__Exercise goal__
From the line containing "Intermediate Micro - Well-Behaved" to the line containing "Tiffany Stone Sterling Silver Ring" in the entries below, reproduce every line exactly, ends included. Nothing else belongs in the copy, and no pictures.

Records for the exercise below:

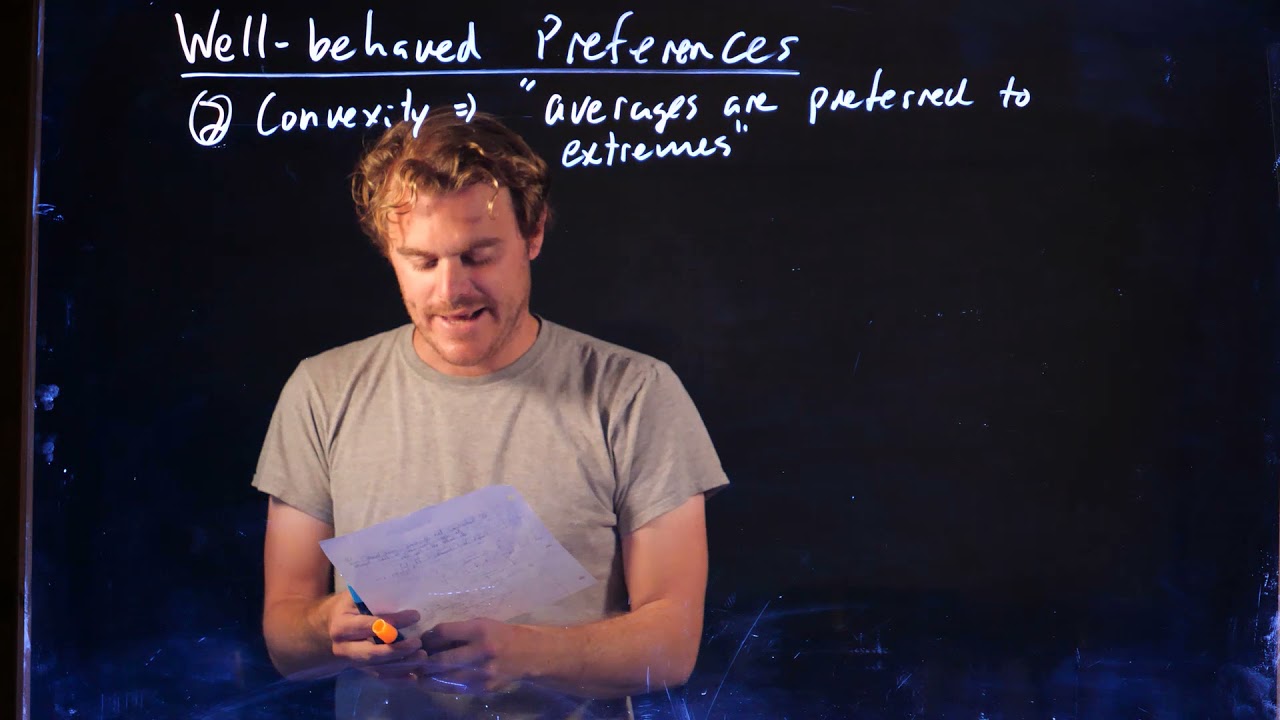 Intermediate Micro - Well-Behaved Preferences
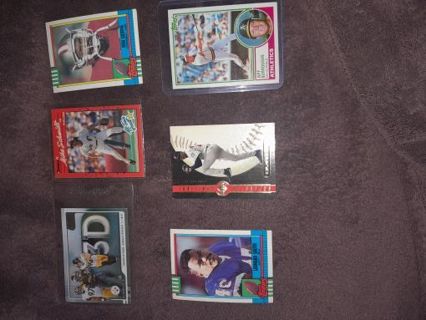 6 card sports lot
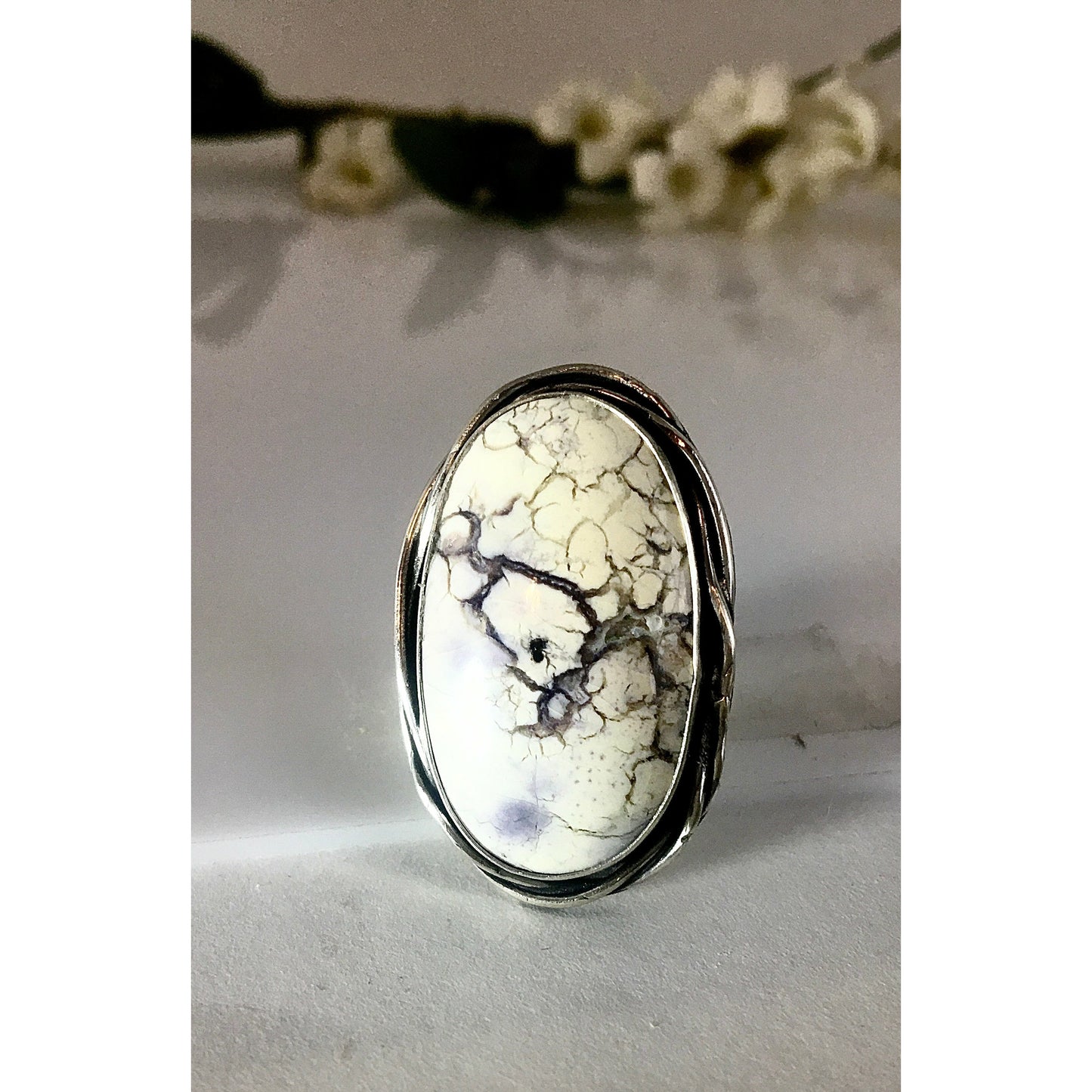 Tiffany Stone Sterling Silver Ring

End of Records for the exercise.
Records for the exercise below:

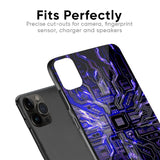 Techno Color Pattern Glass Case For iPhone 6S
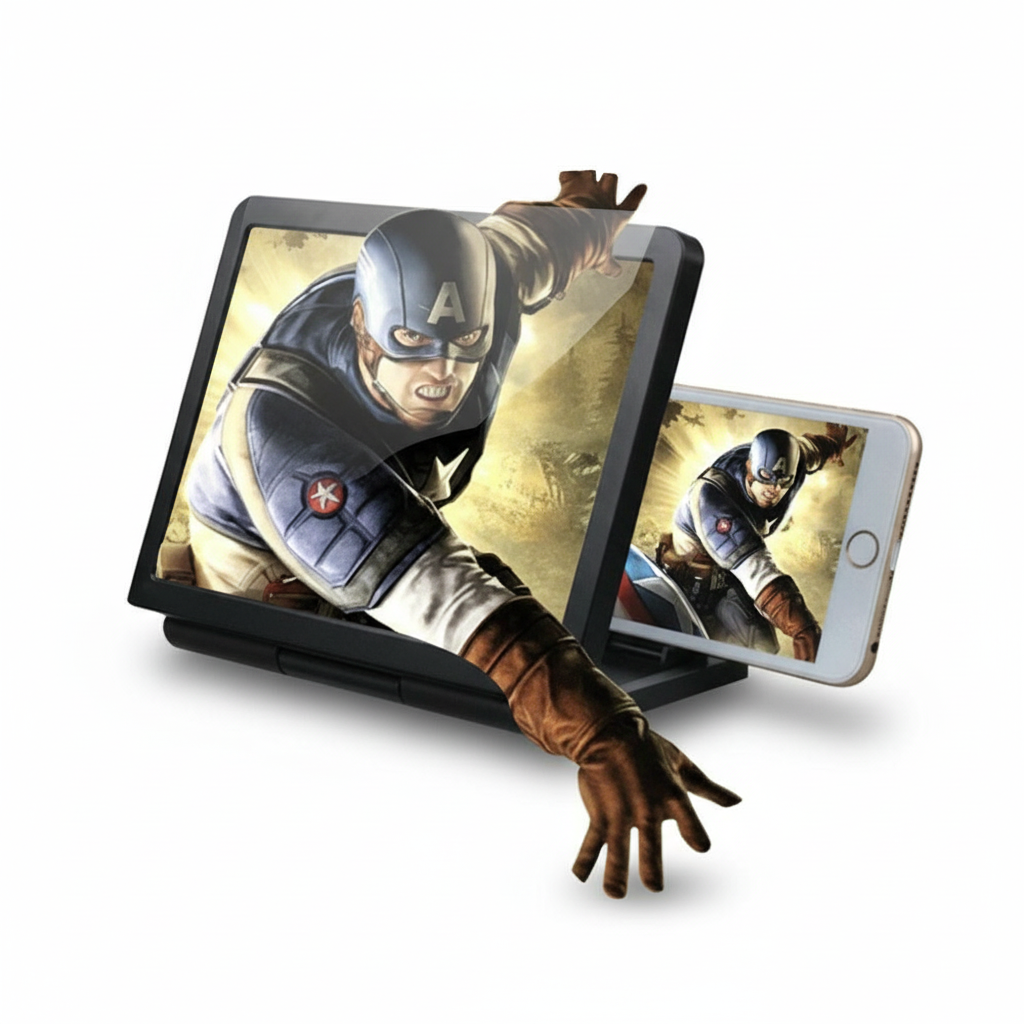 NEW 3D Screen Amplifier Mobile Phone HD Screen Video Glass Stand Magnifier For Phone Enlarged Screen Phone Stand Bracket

End of Records for the exercise.
Records for the exercise below:

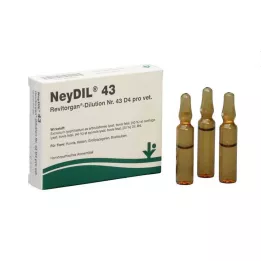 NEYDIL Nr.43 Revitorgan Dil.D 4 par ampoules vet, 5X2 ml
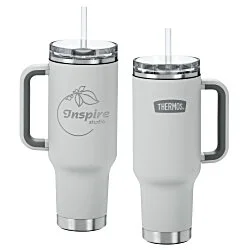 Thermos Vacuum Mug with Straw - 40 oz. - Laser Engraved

End of Records for the exercise.

__Final answer__
 Intermediate Micro - Well-Behaved Preferences
 6 card sports lot
 Tiffany Stone Sterling Silver Ring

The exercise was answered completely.